**Data to examine**
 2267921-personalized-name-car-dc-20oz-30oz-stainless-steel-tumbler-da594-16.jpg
--
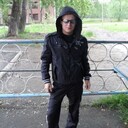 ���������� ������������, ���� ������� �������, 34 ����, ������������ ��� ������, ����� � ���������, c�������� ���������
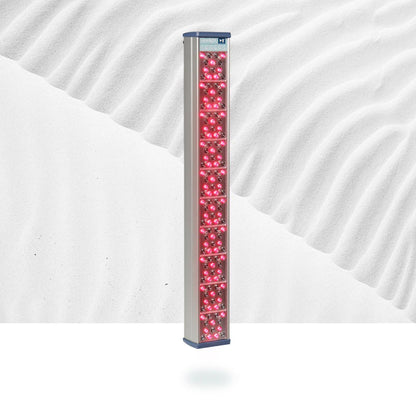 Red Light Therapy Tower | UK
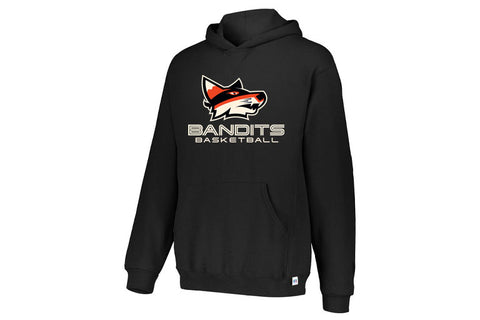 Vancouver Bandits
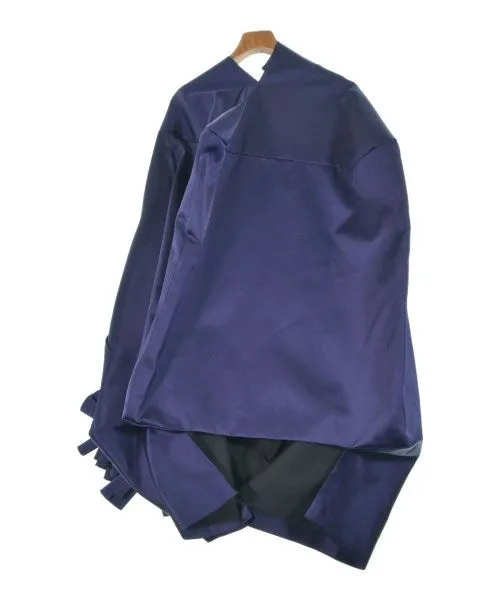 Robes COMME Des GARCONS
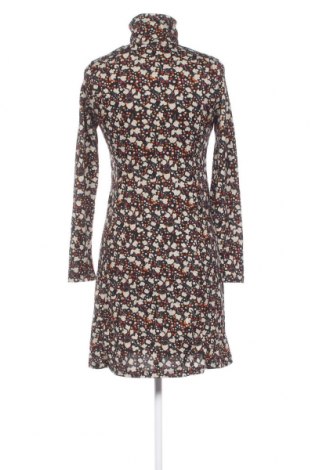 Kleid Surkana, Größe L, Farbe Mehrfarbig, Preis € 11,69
==
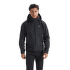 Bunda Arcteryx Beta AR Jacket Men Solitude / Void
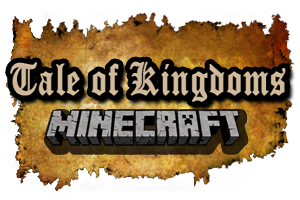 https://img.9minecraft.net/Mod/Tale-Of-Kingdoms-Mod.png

**Work request**
The answer is the lines above from the one with "Bunda Arcteryx Beta" to the one with "https://img.9minecraft.net/Mod/Tale-Of-Kingdoms-Mod.png", set down exactly, with no pictures.

**Exercise result**
 Bunda Arcteryx Beta AR Jacket Men Solitude / Void
 https://img.9minecraft.net/Mod/Tale-Of-Kingdoms-Mod.png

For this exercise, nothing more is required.